Task details:
From the line holding "Donald Trump Halloween Costume!!." through the line holding "Easy Rectangular Origami" below, write out every line exactly; include both of those lines and drop the pictures.

Material provided:

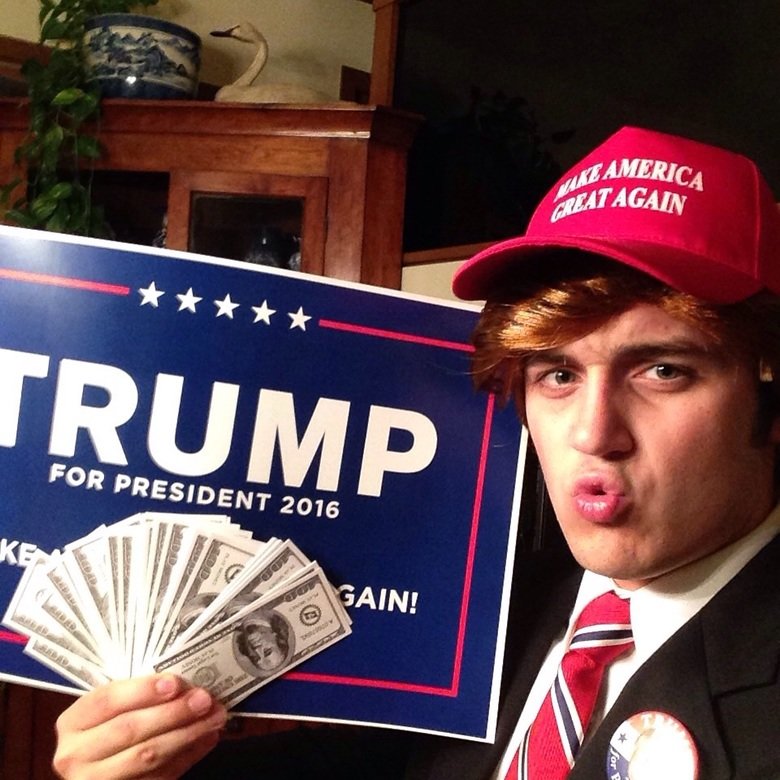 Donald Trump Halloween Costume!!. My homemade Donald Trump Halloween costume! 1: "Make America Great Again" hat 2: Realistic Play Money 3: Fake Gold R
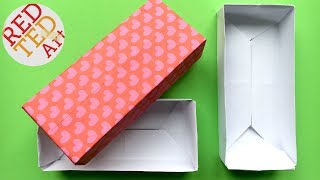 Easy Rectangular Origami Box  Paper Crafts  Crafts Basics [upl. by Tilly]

* * *

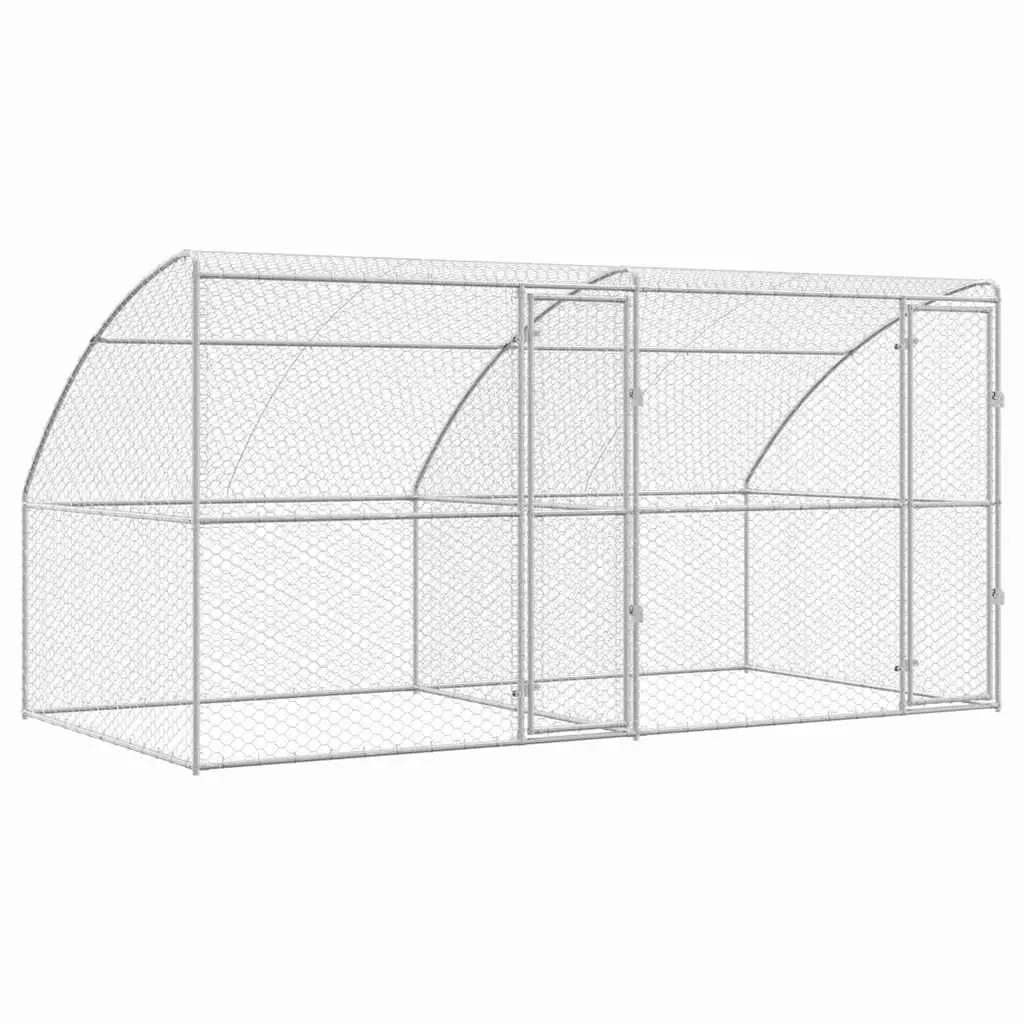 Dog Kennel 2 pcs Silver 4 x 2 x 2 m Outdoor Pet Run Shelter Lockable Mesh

Response to the task:
 Donald Trump Halloween Costume!!. My homemade Donald Trump Halloween costume! 1: "Make America Great Again" hat 2: Realistic Play Money 3: Fake Gold R
 Easy Rectangular Origami Box  Paper Crafts  Crafts Basics [upl. by Tilly]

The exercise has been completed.